Brief:
Please return only the lines from the one showing "Building Photo - 13918 Terry St" to the end of the entries, keeping both ends and dropping every picture.

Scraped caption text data
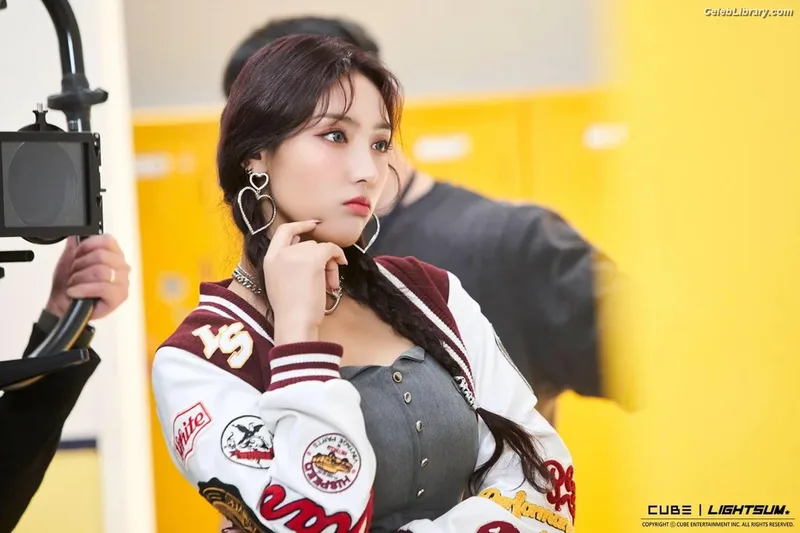 Chowon (LIꓨHTSꓵM  LIGHTSUM) photo 5 of 81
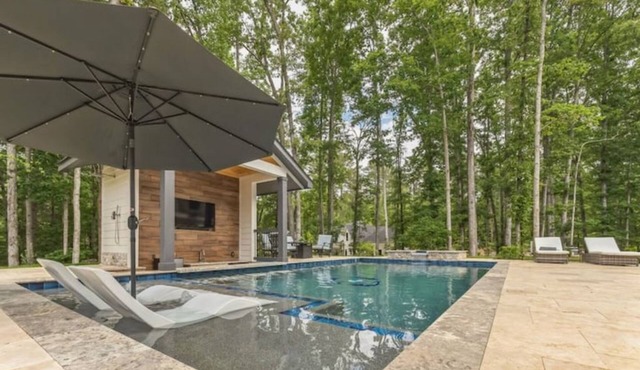New Luxury House on Lake Hartwell w/swim up bar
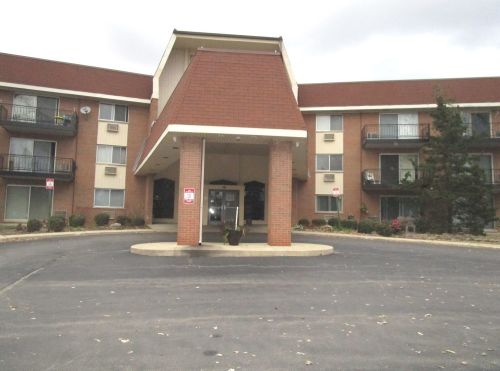 1198 Royal Glen Dr, Glendale Heights, IL 60137-7700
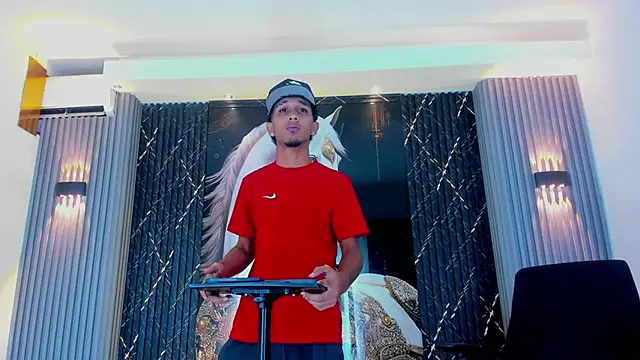 Yilmer hot online show from 11.04.25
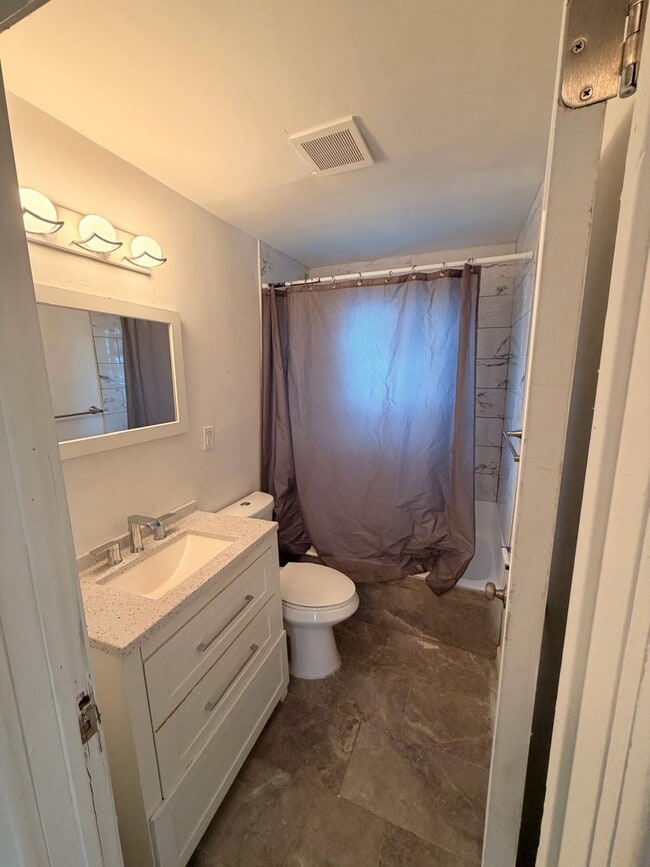 Building Photo - 13918 Terry St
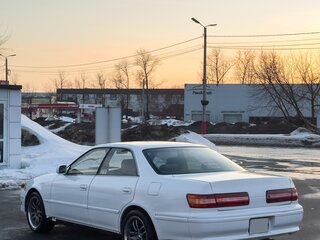 1996 Toyota Mark II VIII (X100), белый, 850000 рублей, вид 3
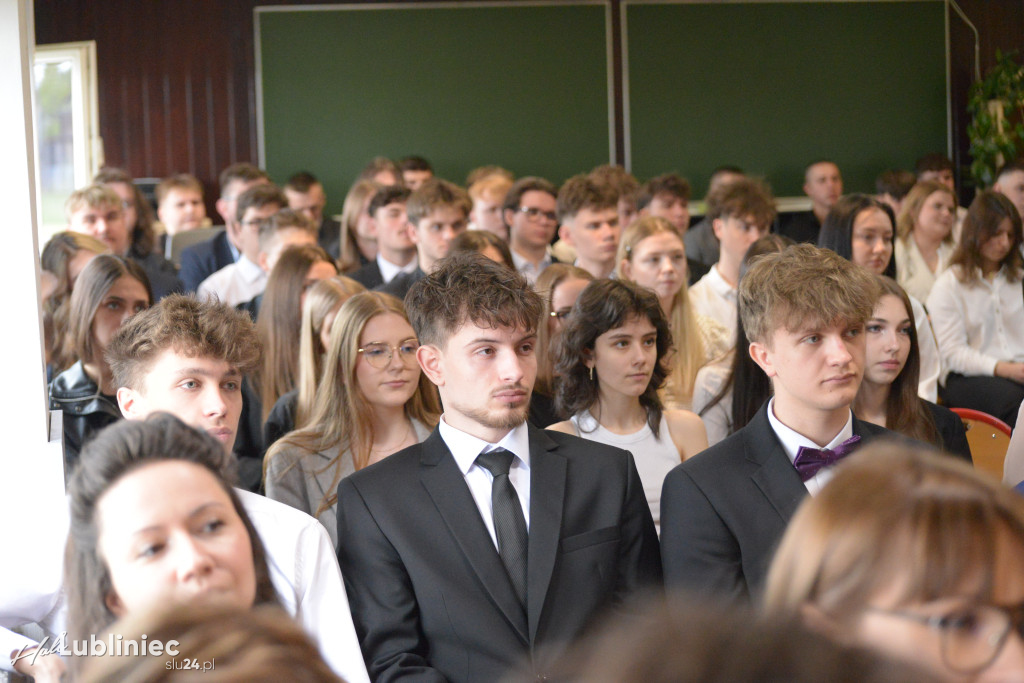 Pożegnanie maturzystów w ZSOT w Lublińcu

Your response:
 Building Photo - 13918 Terry St
 1996 Toyota Mark II VIII (X100), белый, 850000 рублей, вид 3
 Pożegnanie maturzystów w ZSOT w Lublińcu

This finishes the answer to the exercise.